I’ve seen estimates that suggest when the Shasta Dam was completed in the 1940s, it plugged up better than 80% of the state’s prime salmon & steelhead spawning habitat.
(I also suspect the steelhead caught behind the dam – in a faint reprise of their former lives – still run up Upper Sacramento River in the winter.)
Still, if you’re like me, you get all weirdly nostalgic for the pre-dam days when you hear that a bass fisherman found a dead, 7′ Sturgeon floating in Shasta lake, and that biologists suggest the fish might actually predate Shasta Dam:
Huge sturgeon carcass surfaces at Lake Shasta : Redding Record Searchlight
Randy Benthin, senior fisheries biologist for the Department of Fish and Game in Redding, said the fish Frost handled was a white sturgeon.The beast was at least 20 years old, but it could have predated Shasta Dam.

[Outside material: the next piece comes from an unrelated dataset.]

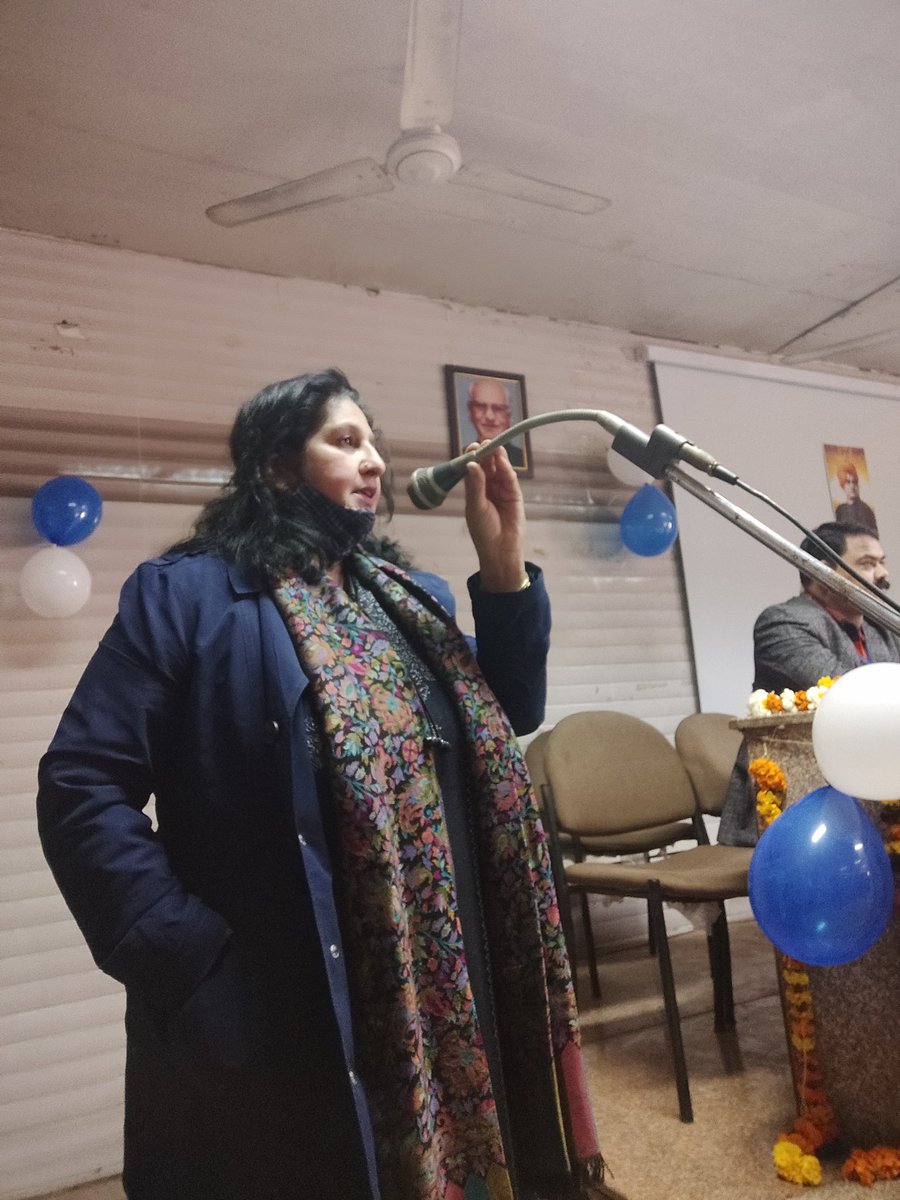 हैड क्वार्टर मण्डल द्वारा आयोजित (राष्ट्रीय युवा दिवस) युवा सम्मलेन मै NRMU के केंद्रीय अध्यक्ष की ललकार की सरकार एनपीएस एवं निजीकरण पर रोक लगाए वरना मजदूर आयेंगे सड़कों पर:- एस के त्यागी |

पूरी खबर के लिए नीचे क्लिक करे
facebook.com/10384865453116…

<a href="/ShivaGopalMish1/">Shiva Gopal Mishra</a>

Benthin said for a brief time, two decades back, the lake was stocked with hatchery-raised sturgeon.
When the planting program was discontinued, it was the last time new sturgeon entered the lake.
Sturgeon have lived in the lake’s inlets since before Shasta Dam was finished in the late 1930s and early 1940s.
But white sturgeon, which can live more than 100 years and grow to well over 1,000 pounds, have been unable to spawn in the lake since the mid-1960s when powerhouses erected on the Pit River cut them off from their spawning grounds, Benthin said.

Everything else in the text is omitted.